Reporter Dan Duggan featured the Historic Hecker-Smiley Mansion in this week’s print and web edition of Crain’s Detroit Business.
“To have to sell this is something we do with great sadness,” J. Douglas Peters, a shareholder in theCharfoos & Christensen, P.C. law firm said while giving me a tour of the historic Hecker-Smiley mansion in Detroit recently.
It’s perhaps the most eccentric of any law office I’ve ever toured — and the only one with Pewabic tile fireplaces in the attorneys’ offices.
The building, at 5510 Woodward Ave., that’s become Peters’ labor of love goes back to the completion of its construction in 1892 for Col. Frank J. Hecker. An early industrialist in Detroit, Hecker built a fortune in the railroad supply business and later in the ship-building business.
Walking through the mansion, which is complete with more nooks and crannies than can be counted, where history seeps from the rich wood walls, the dual gas-and-electric lights and the ornate carpets.
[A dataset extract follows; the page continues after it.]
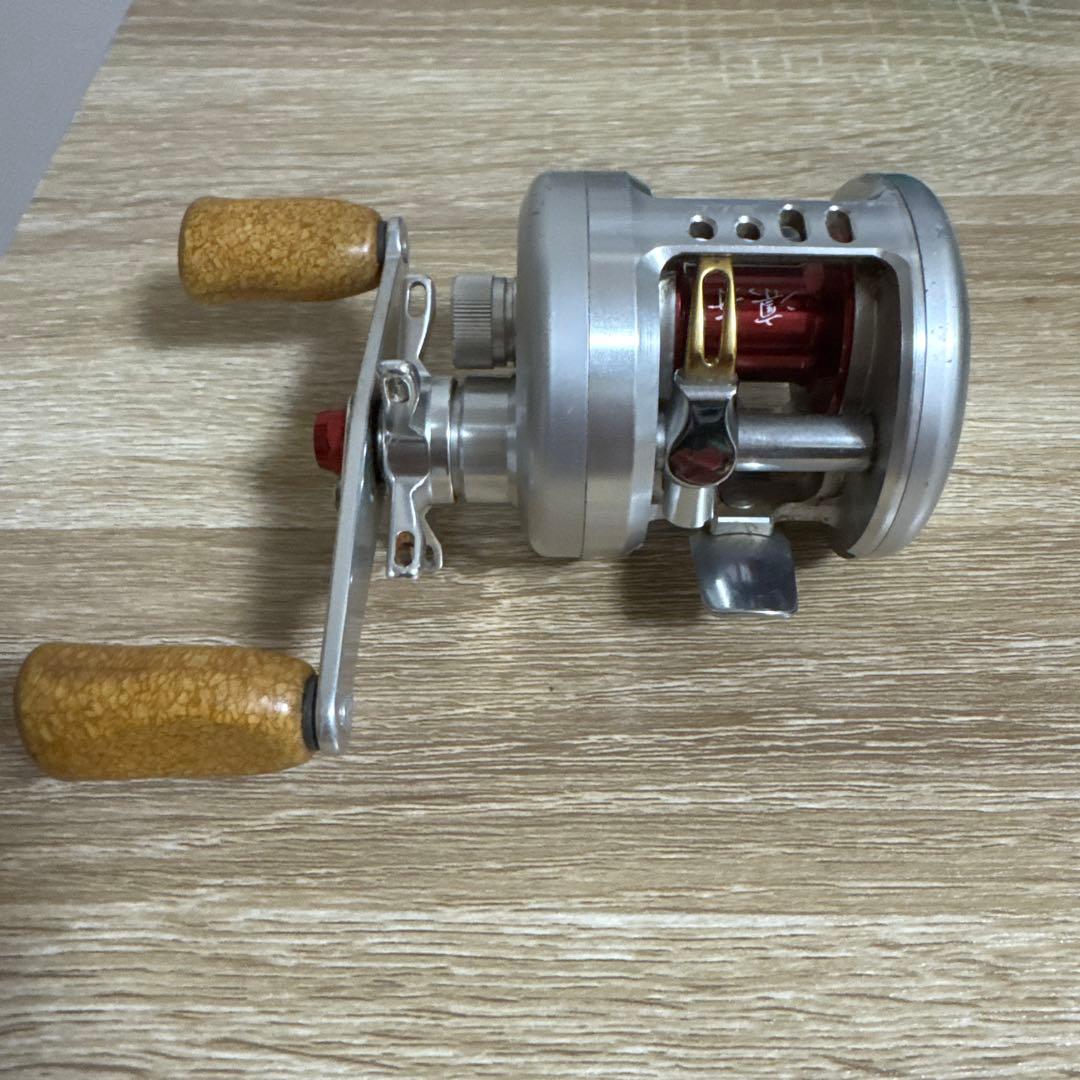 シルバー ベイトリール コルクハンドル レッドスプール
I was on a recent tour of the mansion with Peters and Steve Eisenshtadt, the broker with Friedman marketing it for sale.
My first thought was how much it seems like the Whitney, the historic mansion across the street now used for a restaurant.
“That’s because Whitney and Hecker were friends,” Peters said.
Apparently after Hecker had his home built, Whitney saw the need to one-up his buddy, with a more ornate mansion.
The home was later sold to Paul Smiley in 1947 who purchased the house and used it as the headquarters for his Smiley Brothers Music Co. The house was used for the sale and servicing of pianos.
And the carriage house was used as a small venue for musicians who were in town to perform.
That space is now a mock trial space used by the Charfoos law firm.
Peters said the mansion has served the firm well over the years, and they’ve put their heart and soul into the building.
The firm bought the mansion after Smiley died, for $660,000 in 1991. They put $1.2 million into a series of initial renovations, then another $400,000 into it later.
Fully restored, and with just three owners, Peters remains a little melancholy about selling the place.
But as the firm has paired its number of attorneys down over the years, now at six, compared to 18 at its peak, Peters said the age of the shareholders in the firm and the amount of time they can dedicate to keeping-up their offices means its time to sell.
And when he says they’re sad about it, you can tell, they really are.
I’ll be curious to see what becomes of this chunk of Detroit history.